Graham Reid | | 4 min read
Nor, it turned out, was Dylan.
Maybe he could write some lines for the artists who would be performing on what was called the Rolling Thunder Revue, said Dylan, but there would be improvised stuff so . . .
Was Shepard to find some over-arching narrative to tie all this together or . . . ?
Whatever was going to happen it promised to be quite an unpredictable ride through the northeast of the US as part of a road show, So Shepard went along with it.
Dylan, weary and wary of touring as he had just done with the Band -- sell-out shows in huge hockey arenas -- wanted something different, something with more spontaneity, like a carnival of traveling players.
And among those players, some invited on impulse or whim, were old friends like Joan Baez, Ramblin' Jack Eliot, poet Allen Ginsberg and former Byrd Roger McGuinn. Also along were UK guitarist Mick Ronson, the impossibly young Dave Mansfield (whom Ginsberg referred to as “the boy with Botticelli face”), bassist Rob Stoner, drummer Howie Wyeth, T-Bone Burnett, mysterious violinist Scarlet Rivera whom Dylan had met on the street, his wife Sara was there for a while, Ronnie Blakely and. . .
Along the way the Rolling Thunder Revue would pick up Joni Mitchell, Leonard Cohen dropped by but wouldn't perform, Patti Smith arrives full of self-conscious reverence for Dylan who remains elusive but sometimes also charming, Dylan's mum turned up and did Jewish mother things like feeding the extended family and . . .
A film did come out of the trip, the seldom seen and bewildering Renaldo and Clara in which roles are changed, people become other characters, staged dialogue is made to look impromptu and narrative is dispensed with for the sake of the enjoyable shapelessness of the road.
In a way Shepard's Rolling Thunder Logbook, published in 77 is similar: it is all impressions and snapshots, moments and memory.
Anyone expecting Martin Scorsese's film Rolling Thunder Revue; A Bob Dylan Story to have any more firm shape is going to be disappointed: it too is full of evasion and prevarication, misdirection and masks, people given license to present a strange extreme version of themselves and of course some superb live footage, comedic moments and a sense that around the central figure people behave cautiously lest they fall out of favour.

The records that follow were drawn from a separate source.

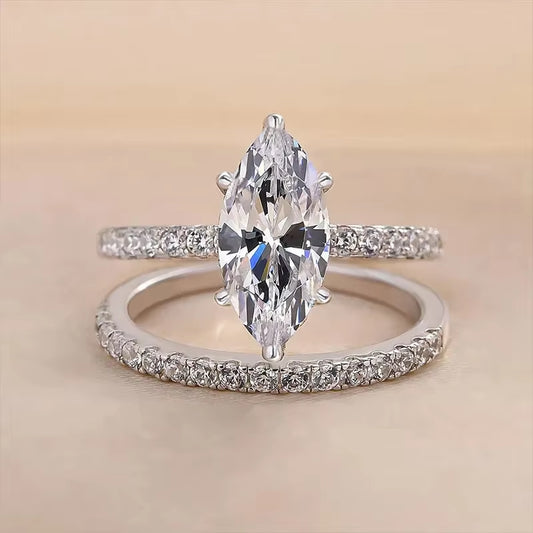 Elevate Your Style with CAOSHI Luxury 2-Piece Wedding Ring Set for Women - Dazzling Marquise Zirconia in Elegant Silver Finish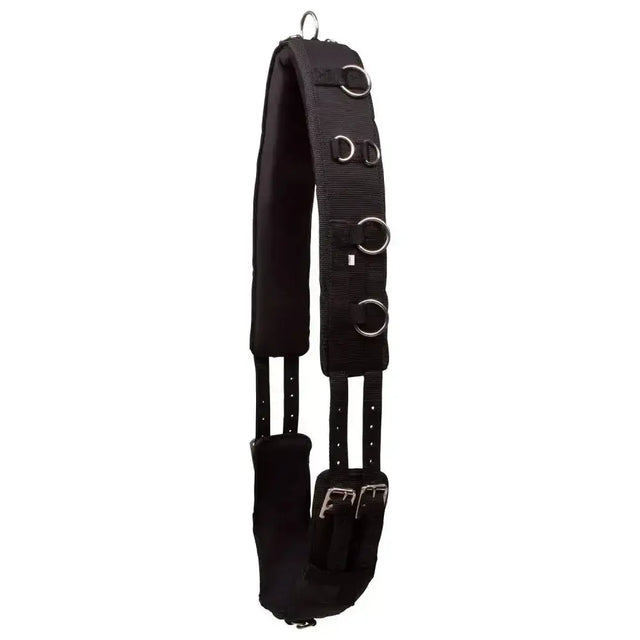 Black padded lunging girth nylon deluxe with silver rings and buckles from imperial riding lunging girth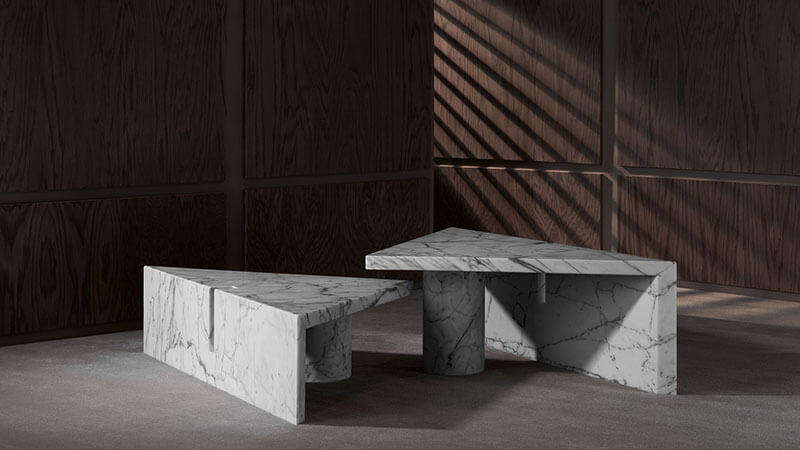 PORTAL COFFEE TABLE MARBLE par Apparatus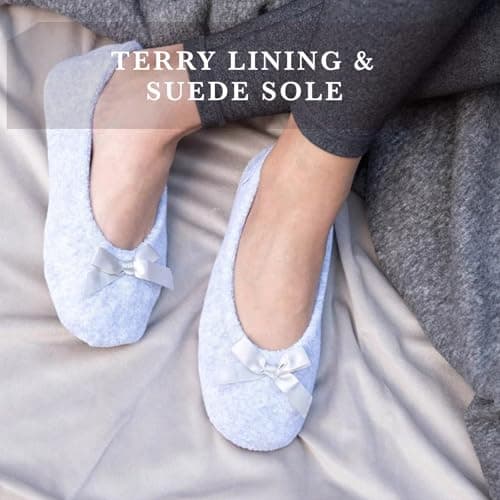 Isotoner Women's 2 Pack Mictroterry Ballerina Slipper with a Satin Bow, Light Grey Quilted, Navy Blue Solid, 6.5-7.5 — view 5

In one telling sequence Joan Baez – like Dylan, among those interviewed subsequently for their memories of the events – says she once dressed like Dylan in his distinctive hat and pancake make-up and saw how people acted when they thought it was him.
The courtiers were reverential around the king.
Sharon Stone appears as herself reflecting on when she was young and joined the tour (there's scant evidence to suggest this is true, the film is full of such red herrings) and sometimes unintentional humour: the awkward moment when Dylan and Ginsberg visit Jack Kerouac's grave and seem to have nothing to say is pure Spinal Tap at Graceland.
At way more than two hours, this film isn't quite as interesting as it thinks it is, but – like Dylan's own Masked and Anonymous -- is full of mischief and whimsy, the circling of a character who alternately reveals and hides himself (he is no more helpful in the recent interview, he dismisses the tour as “nothing”) and tries to locate it back in the context of the Nixon era and America's 200th birthday with varying degrees of success and no great import.
The flashes we see of the courtiers and other players are often too brief to be telling.
But it is the often exceptional live footage which carries most of this: Dylan biting hard into songs you thought he might have long ceased to care about (The Lonesome Death of Hattie Carroll), with acoustic guitar singing The Ballad of Ira Hayes to a small group of Iroquois in a local hall, on stage with Baez where the tension and mutual understanding crackles, playing for prisoners in a tiny correctional institute (this was the Rubin Carter period of course).
At these moments the film soars and is utterly compelling. Dylan was a powerhouse of focused energy, a lightning rod for the band to play off.
These passages in the shaggy-dog tale pay off and reward repeat viewing, the clowning around (stoned people then are no more amusing or intelligent than stoned people today) maybe less so . . . although to see Dylan in jaunty mode and clearly enjoying the chaos is kinda fun.
Was the tour a success? In financial terms no, but as Dylan today says, how do you measure success?
This film and the tie-in box set of 14 CDs of live concerts will no doubt balance the ledger.
If Dylan interests you then this is definitely worth seeing. If you only have passing interest then hope that it appears in a director's cut on Blu-Ray . . . and Scorsese excises about 45 minutes.
And what did we learn?
That nothing is revealed. It is, as the subtitle says, a “story”.
In his Rolling Thunder Logbook, Sam Shepard wrote, “If a mystery is solved, the case is dropped. In this case, the case of Dylan, the mystery is never solved, so the case keeps on. It keeps coming up again. Over and over the years. Who is this character anyway?”
ROLLING THUNDER REVUE, A BOB DYLAN STORY, a film by MARTIN SCORSESE is available on Netflix. The 14CD box set Bob Dylan, Rolling Thunder Review; The 1975 Live Recordings is out now.